Name: Ranjini Hariharan

Claim to fame: Nila Kaalam (2001)

Career Graph: Began acting at the age of 9
As a nine-year-old, it was Ranjini’s long locks that got her noticed. She’d given her pictures to a model coordinator, and was soon approached for a shampoo advertisement. “I already knew classical dance, and that helped during the auditions.”

From there, she did her first movie, Nila Kaalam, followed by  Pandavar Bhoomi, Thendral and  Naan Kadavul. “I used to travel in buses and share autos when I was in MOP Vaishnav College. I used to take the 24A route and you won’t believe how the college boys ragged me then! It was a little embarrassing, but it was still a good feeling.” After college, she worked in a bank for two years, but all the while kept juggling her interests: modelling, anchoring, singing Carnatic music and teaching classical dance.

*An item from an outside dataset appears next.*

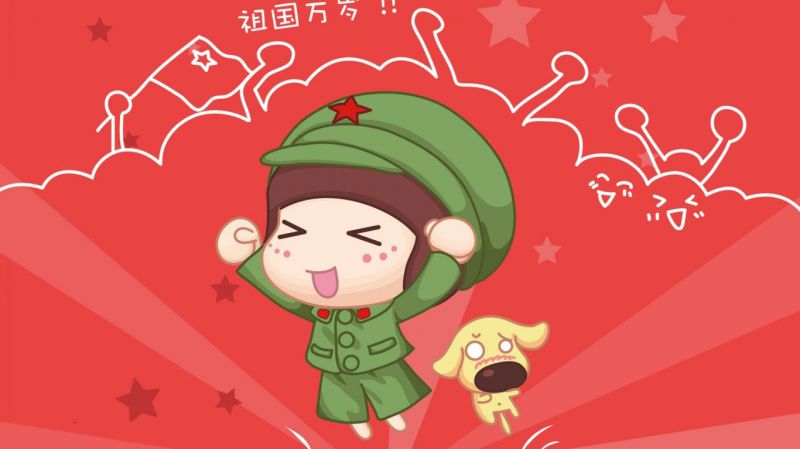 国庆八天乐，你的安排是什么？我的精彩了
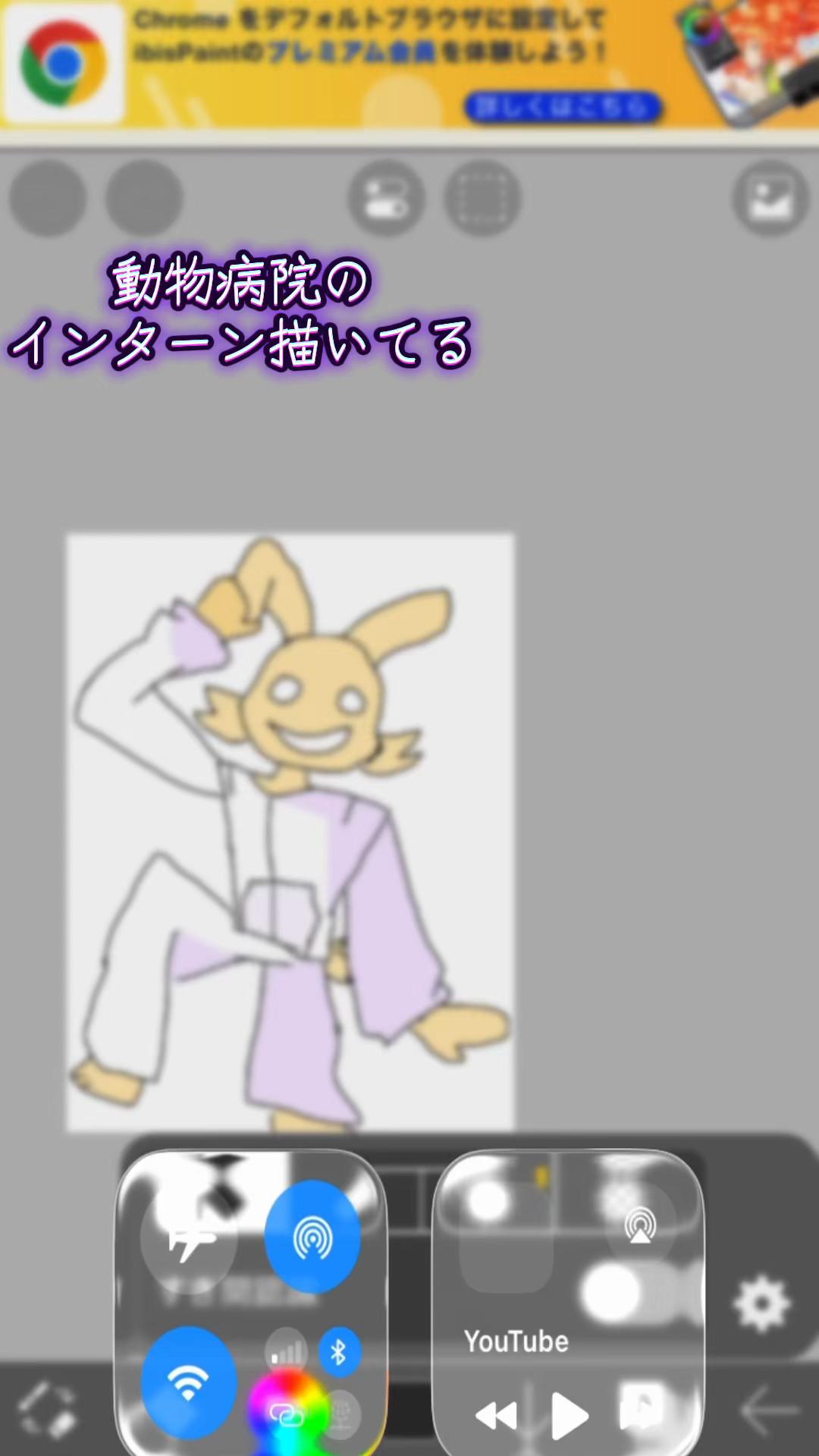 @ホイップ達のお部屋🪽🌈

Last year, she got married and moved to Hyderabad to be with her husband. Ranjini now pursues her passion: she works as the dance teacher at the Silver Oaks school, runs a dance academy in the evenings and continues taking music classes for her students in Chennai over Skype. Still, her fame follows her around. “A lot of my modelling pictures, from Chennai’s textile showrooms, have been used here as well. My students, when they went Deepavali shopping, took those pictures and brought it to school to show me,” giggles the 24-year-old.